(Data extracted from a collection)
☆ ☆ ☆ ☆ ☆

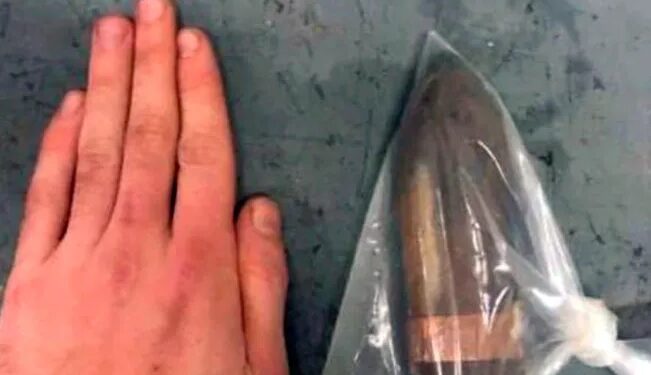 ¡Increíble!, veterano pasó años con una BOMBA incrustada en el RECTO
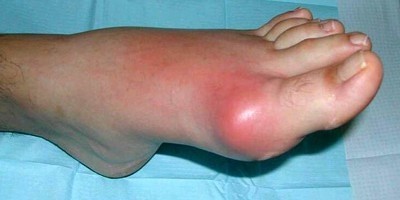 a lábujjak posztraumás ízületi gyulladása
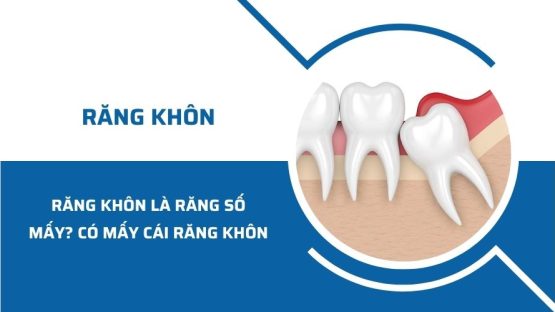 Răng khôn là răng số mấy? Một người có mấy cái răng khôn?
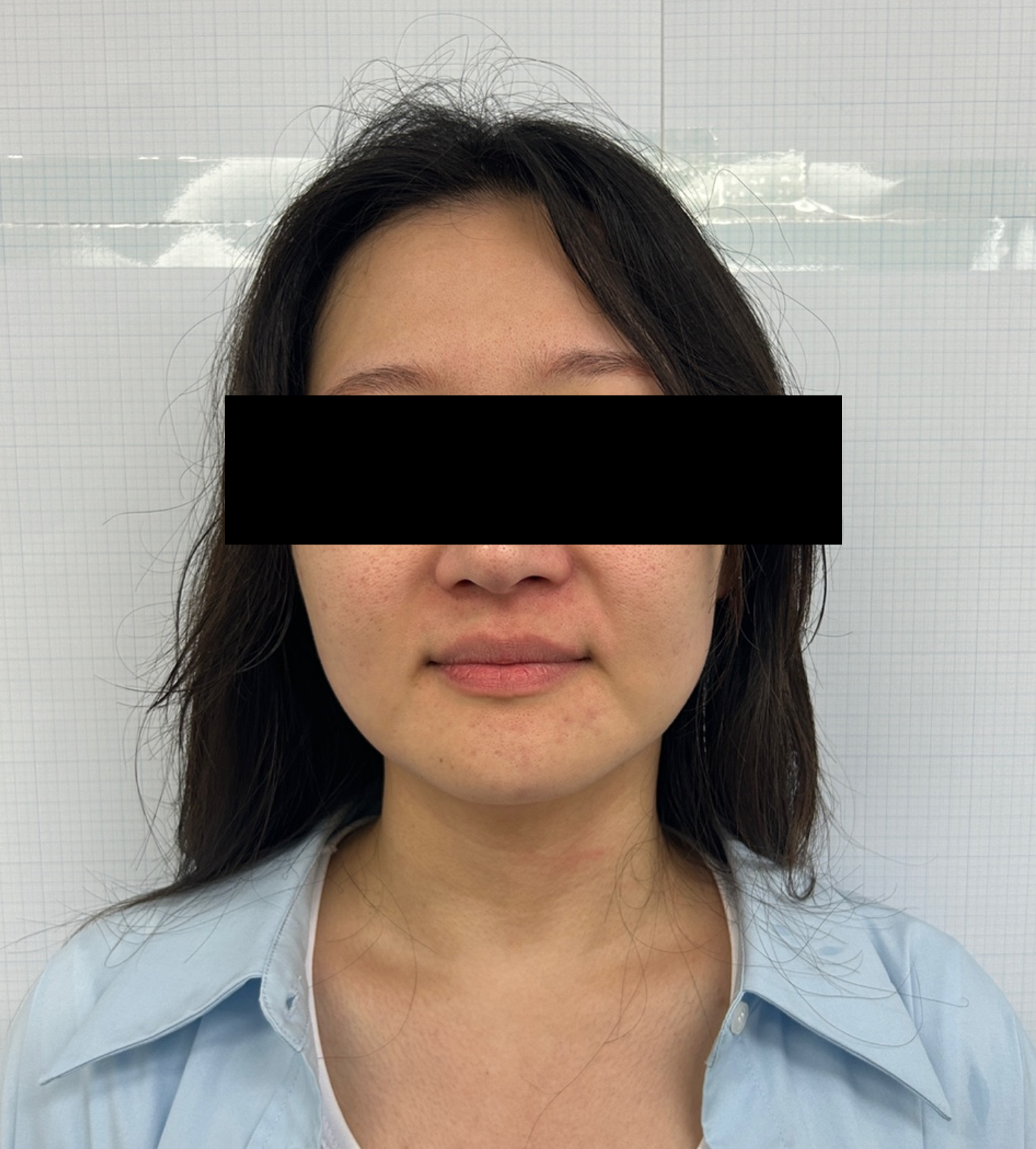 Case Review Oligio Immediately after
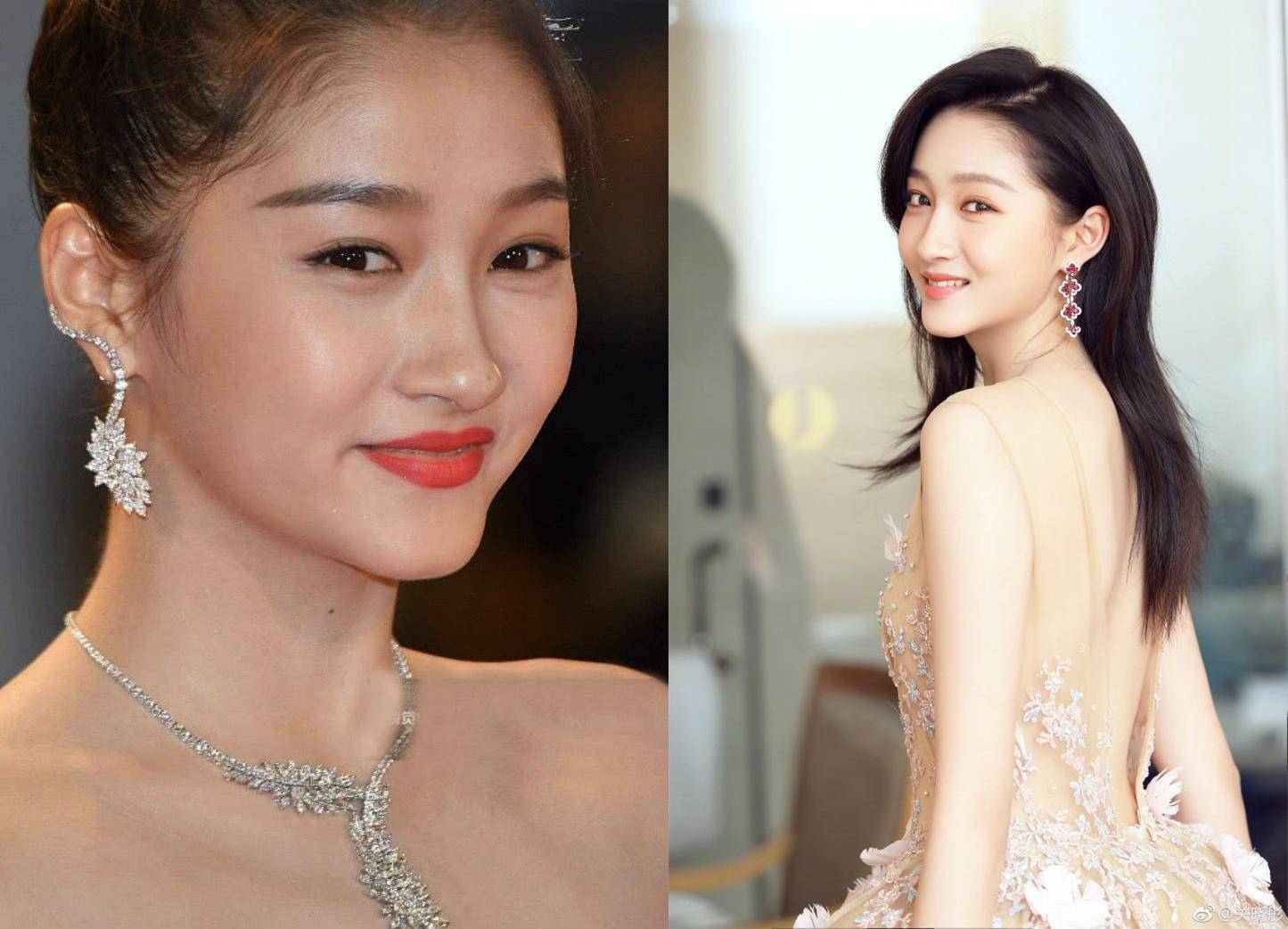 艾芙芷指南：天生皮肤黑的人，可以后天变白吗？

☆ ☆ ☆ ☆ ☆

## Task directions
With the pictures left out, copy exactly the lines from the line holding "Case Review Oligio Immediately after" through the final line of the records, including both.

## Solution for this exercise
 Case Review Oligio Immediately after
 艾芙芷指南：天生皮肤黑的人，可以后天变白吗？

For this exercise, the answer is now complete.